Where a line of the records contains the word "Clip", show that line.

══════

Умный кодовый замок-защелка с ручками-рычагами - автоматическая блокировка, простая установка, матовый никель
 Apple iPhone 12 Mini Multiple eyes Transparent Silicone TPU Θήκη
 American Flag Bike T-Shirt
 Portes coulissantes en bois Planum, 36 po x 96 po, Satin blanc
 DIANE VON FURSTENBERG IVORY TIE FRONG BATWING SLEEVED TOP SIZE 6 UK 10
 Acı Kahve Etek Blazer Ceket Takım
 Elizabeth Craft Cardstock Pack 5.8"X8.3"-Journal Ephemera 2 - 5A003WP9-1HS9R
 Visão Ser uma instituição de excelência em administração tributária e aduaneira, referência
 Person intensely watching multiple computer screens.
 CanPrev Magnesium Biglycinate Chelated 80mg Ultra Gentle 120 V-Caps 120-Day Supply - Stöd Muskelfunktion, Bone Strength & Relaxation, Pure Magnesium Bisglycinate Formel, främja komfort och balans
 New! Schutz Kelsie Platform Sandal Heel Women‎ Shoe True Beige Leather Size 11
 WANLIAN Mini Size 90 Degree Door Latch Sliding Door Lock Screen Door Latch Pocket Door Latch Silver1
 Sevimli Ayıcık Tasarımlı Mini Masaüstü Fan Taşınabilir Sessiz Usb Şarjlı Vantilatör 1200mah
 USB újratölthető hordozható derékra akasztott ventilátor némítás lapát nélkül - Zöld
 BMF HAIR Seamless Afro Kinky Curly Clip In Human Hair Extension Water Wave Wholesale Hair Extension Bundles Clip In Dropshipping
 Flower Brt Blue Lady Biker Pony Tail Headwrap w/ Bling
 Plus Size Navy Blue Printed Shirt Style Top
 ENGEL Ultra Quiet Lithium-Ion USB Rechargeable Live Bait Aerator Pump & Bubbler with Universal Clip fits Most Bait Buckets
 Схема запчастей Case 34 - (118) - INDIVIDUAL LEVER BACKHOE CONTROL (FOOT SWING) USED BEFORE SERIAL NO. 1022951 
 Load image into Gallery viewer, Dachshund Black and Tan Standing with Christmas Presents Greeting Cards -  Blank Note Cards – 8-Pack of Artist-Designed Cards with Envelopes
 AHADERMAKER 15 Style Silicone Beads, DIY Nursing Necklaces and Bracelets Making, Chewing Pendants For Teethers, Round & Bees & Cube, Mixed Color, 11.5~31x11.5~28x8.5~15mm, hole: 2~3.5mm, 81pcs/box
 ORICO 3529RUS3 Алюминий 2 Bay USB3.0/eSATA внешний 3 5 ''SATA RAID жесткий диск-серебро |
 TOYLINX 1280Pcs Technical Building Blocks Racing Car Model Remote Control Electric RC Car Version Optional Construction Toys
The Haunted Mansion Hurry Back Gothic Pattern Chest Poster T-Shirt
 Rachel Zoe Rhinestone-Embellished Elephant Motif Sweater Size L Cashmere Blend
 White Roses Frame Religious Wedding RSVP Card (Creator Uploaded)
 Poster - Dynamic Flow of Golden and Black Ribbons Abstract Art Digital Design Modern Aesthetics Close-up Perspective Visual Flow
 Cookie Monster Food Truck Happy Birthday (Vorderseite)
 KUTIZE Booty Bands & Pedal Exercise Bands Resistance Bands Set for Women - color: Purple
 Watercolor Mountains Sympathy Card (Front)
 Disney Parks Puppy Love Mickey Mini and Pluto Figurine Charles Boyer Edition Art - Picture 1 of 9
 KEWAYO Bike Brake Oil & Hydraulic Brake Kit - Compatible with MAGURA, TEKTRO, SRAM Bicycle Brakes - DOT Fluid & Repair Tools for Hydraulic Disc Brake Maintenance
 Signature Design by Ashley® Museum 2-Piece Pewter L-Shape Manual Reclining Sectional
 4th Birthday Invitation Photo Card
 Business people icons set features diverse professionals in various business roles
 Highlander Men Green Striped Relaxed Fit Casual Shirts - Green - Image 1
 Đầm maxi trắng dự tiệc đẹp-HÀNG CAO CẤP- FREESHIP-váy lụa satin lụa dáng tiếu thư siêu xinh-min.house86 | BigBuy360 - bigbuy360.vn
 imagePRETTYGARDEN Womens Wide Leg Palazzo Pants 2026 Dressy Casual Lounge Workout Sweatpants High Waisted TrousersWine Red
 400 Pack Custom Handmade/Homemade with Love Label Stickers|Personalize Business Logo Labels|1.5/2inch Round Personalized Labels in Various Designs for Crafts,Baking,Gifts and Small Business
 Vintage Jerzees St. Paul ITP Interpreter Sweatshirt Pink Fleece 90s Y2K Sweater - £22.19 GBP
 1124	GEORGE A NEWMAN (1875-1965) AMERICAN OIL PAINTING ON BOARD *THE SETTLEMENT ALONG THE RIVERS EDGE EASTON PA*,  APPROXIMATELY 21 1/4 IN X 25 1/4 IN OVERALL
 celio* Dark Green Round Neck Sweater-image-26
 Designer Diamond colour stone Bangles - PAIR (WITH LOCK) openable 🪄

══════

▶ [ANSWER BELOW]
 BMF HAIR Seamless Afro Kinky Curly Clip In Human Hair Extension Water Wave Wholesale Hair Extension Bundles Clip In Dropshipping
 ENGEL Ultra Quiet Lithium-Ion USB Rechargeable Live Bait Aerator Pump & Bubbler with Universal Clip fits Most Bait Buckets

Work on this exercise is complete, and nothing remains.